# PROBLEM STATEMENT:
In the data below, find the line with "Cool Toys for" and the line with "Pair of vintage", then restate both and every line between them exactly, minus the pictures.

# DATASET ENTRIES:
========================================
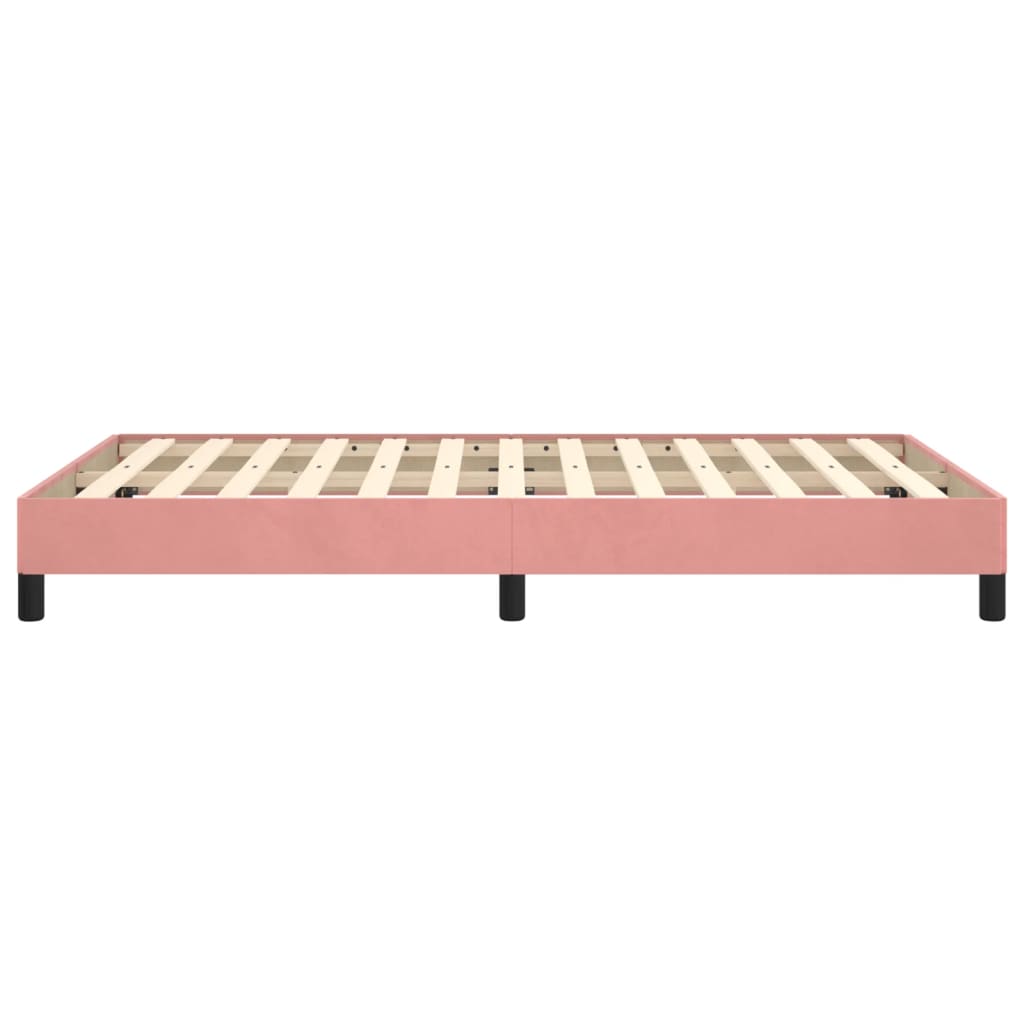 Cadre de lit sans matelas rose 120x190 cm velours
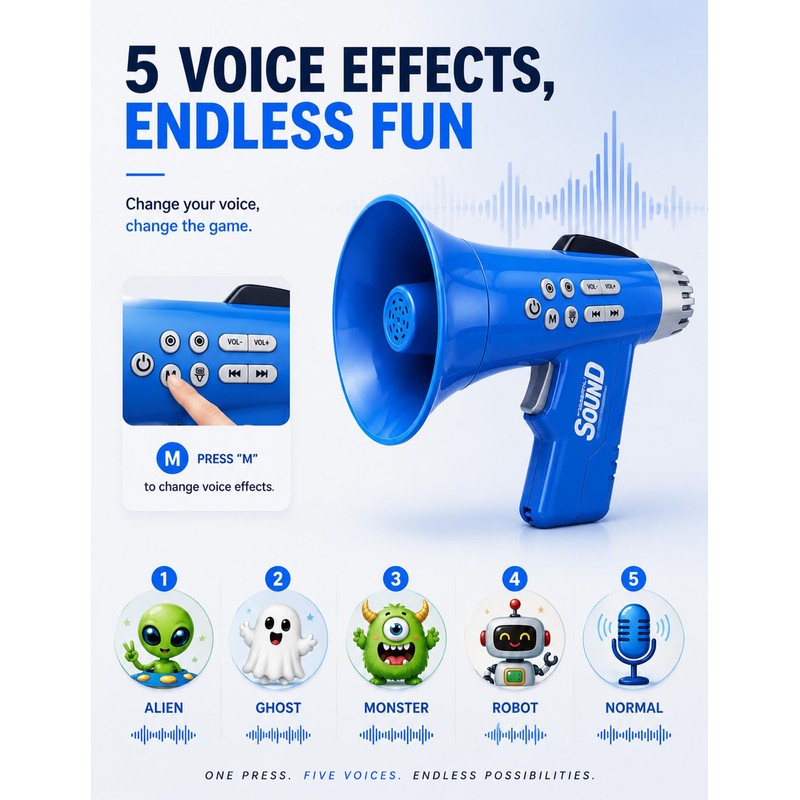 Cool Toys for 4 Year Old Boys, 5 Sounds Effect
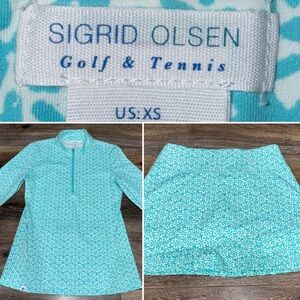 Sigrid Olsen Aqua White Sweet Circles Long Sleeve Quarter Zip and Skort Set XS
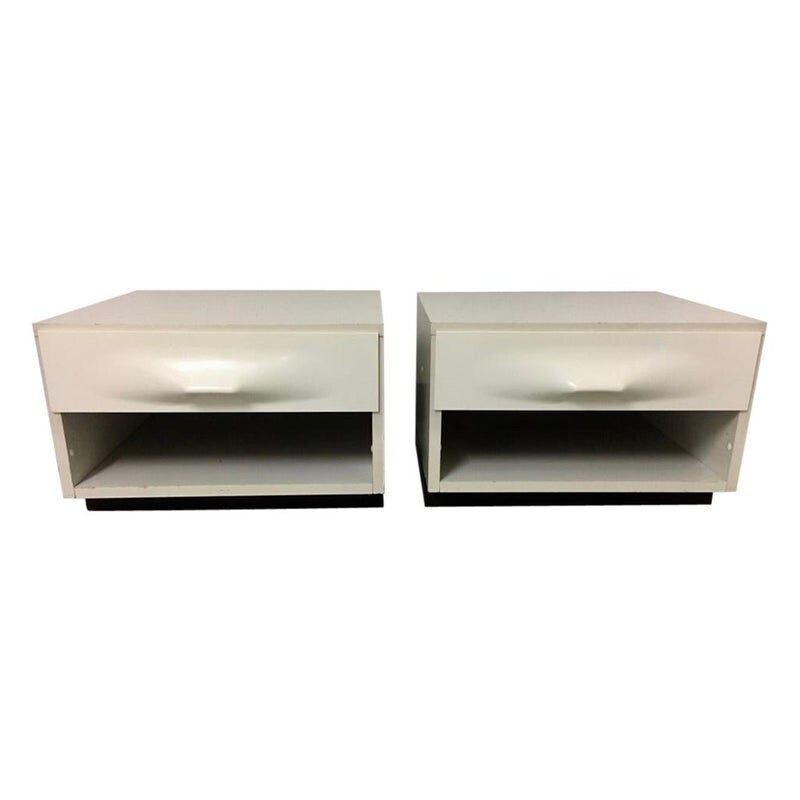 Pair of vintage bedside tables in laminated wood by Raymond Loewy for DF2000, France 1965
========================================
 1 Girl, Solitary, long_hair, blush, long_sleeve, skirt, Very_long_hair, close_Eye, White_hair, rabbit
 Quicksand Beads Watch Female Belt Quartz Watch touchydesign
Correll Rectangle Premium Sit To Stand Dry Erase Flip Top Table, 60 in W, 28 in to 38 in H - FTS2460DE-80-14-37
========================================
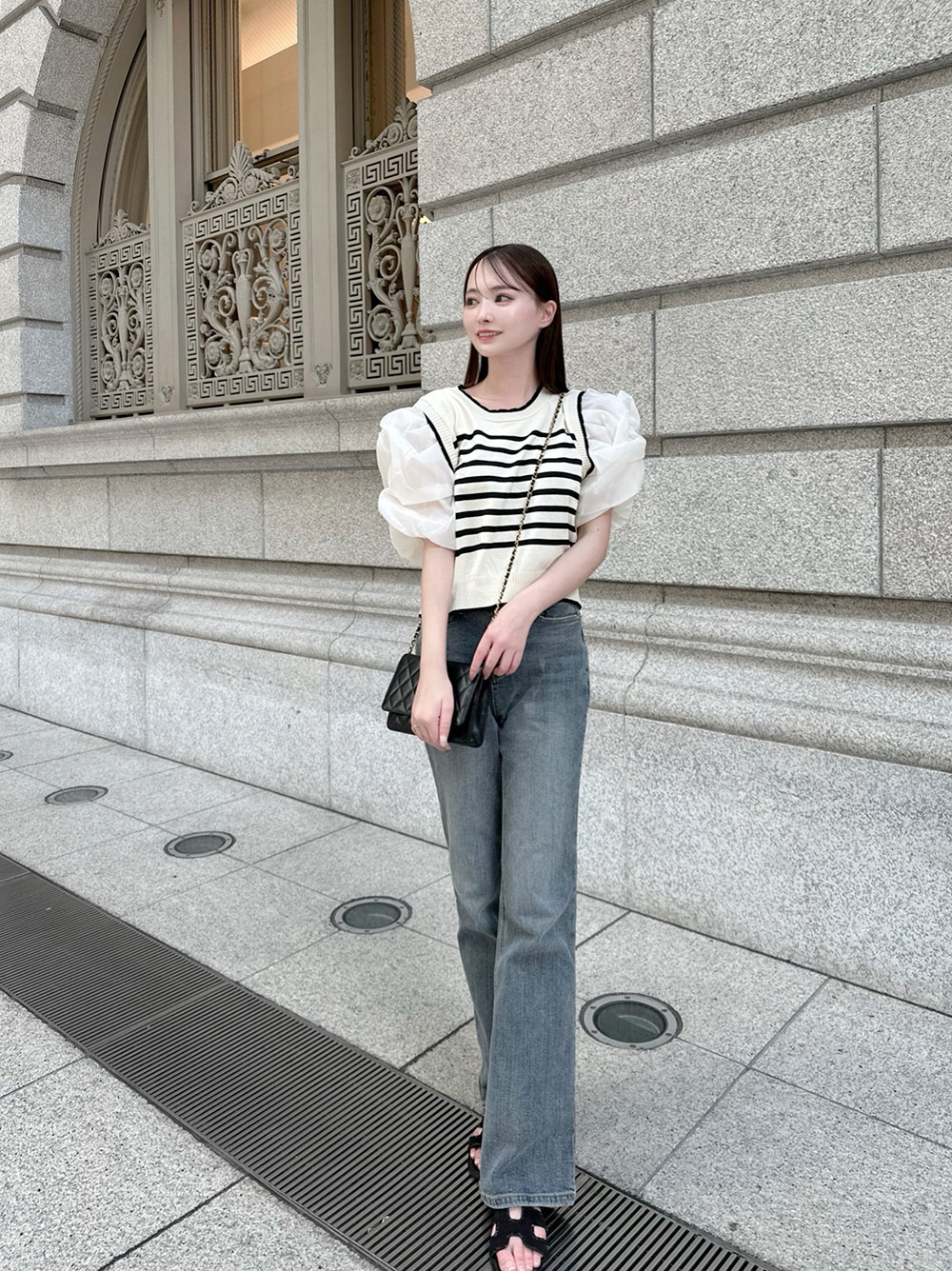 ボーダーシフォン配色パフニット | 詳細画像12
========================================
# SOLUTION TO THIS PROBLEM:
 Cool Toys for 4 Year Old Boys, 5 Sounds Effect
 Sigrid Olsen Aqua White Sweet Circles Long Sleeve Quarter Zip and Skort Set XS
 Pair of vintage bedside tables in laminated wood by Raymond Loewy for DF2000, France 1965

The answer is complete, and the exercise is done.